■ **Your goal**
Filter the data for lines with the word "detail" and copy those lines.

───── Information supplied ─────

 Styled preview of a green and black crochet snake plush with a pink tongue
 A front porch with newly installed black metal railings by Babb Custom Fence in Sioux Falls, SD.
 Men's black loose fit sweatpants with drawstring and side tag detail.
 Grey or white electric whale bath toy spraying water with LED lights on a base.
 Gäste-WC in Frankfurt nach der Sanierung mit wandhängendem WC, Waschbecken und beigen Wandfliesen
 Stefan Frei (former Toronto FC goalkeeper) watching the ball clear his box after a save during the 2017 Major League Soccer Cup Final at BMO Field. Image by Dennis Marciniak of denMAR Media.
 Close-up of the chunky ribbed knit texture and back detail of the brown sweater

─────

■ **The answer**
 Men's black loose fit sweatpants with drawstring and side tag detail.
 Close-up of the chunky ribbed knit texture and back detail of the brown sweater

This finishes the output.